*Work to be completed:*
The required output is the lines below from the line containing "2014 Opel Corsa" to the line containing "FRANCE - 22", inclusive, retyped exactly. No other lines belong in it.

*Provided data:*

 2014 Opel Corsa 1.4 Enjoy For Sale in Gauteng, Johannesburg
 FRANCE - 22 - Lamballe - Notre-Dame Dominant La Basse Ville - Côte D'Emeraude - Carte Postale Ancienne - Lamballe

...

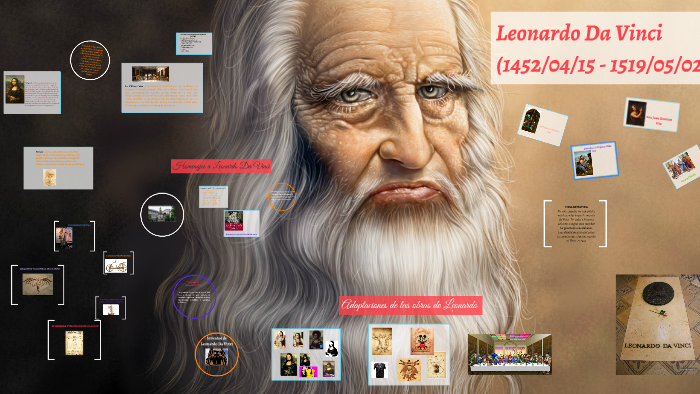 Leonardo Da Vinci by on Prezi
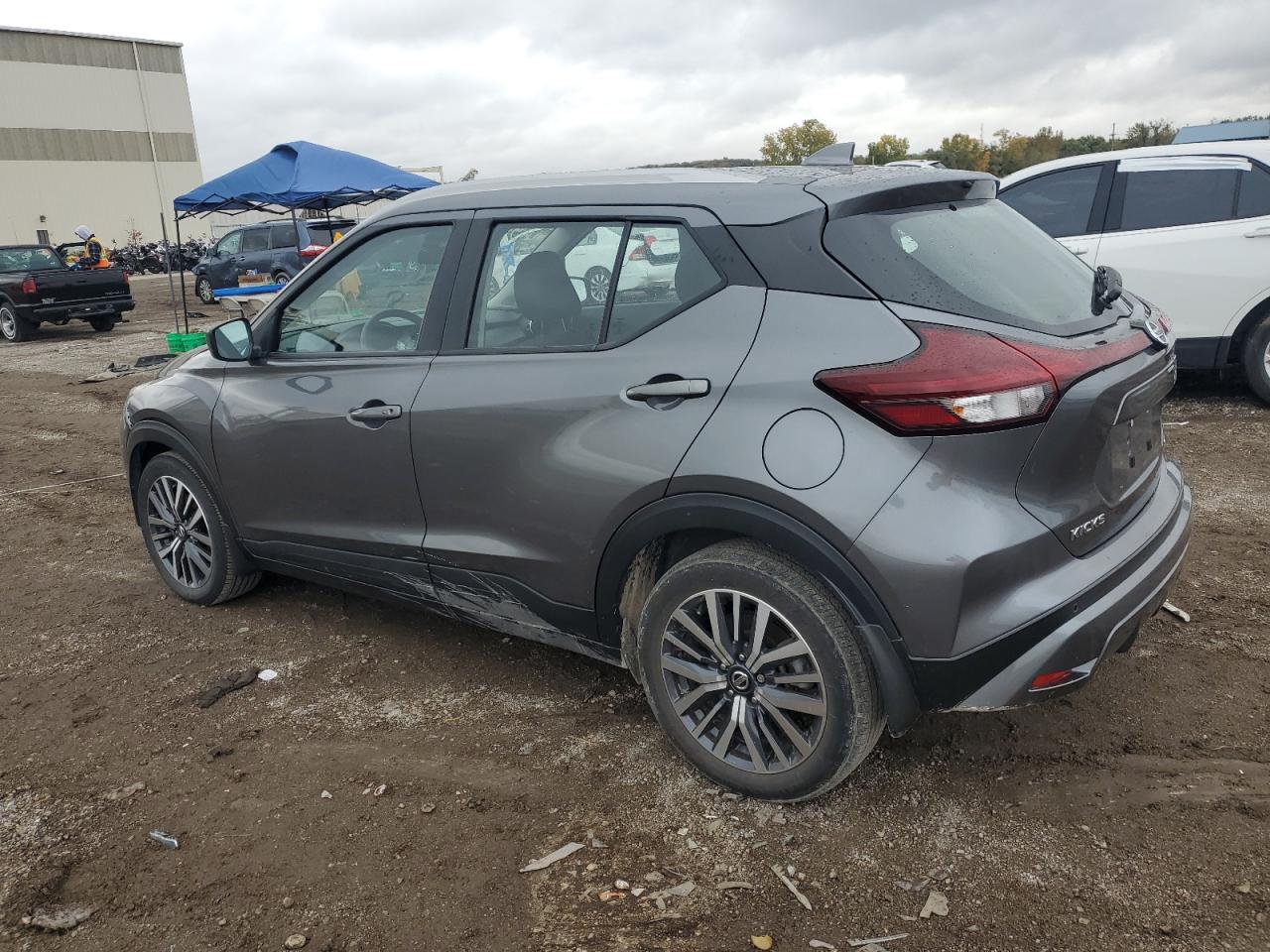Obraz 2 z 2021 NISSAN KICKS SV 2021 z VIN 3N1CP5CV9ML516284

*Completed task:*
 2014 Opel Corsa 1.4 Enjoy For Sale in Gauteng, Johannesburg
 FRANCE - 22 - Lamballe - Notre-Dame Dominant La Basse Ville - Côte D'Emeraude - Carte Postale Ancienne - Lamballe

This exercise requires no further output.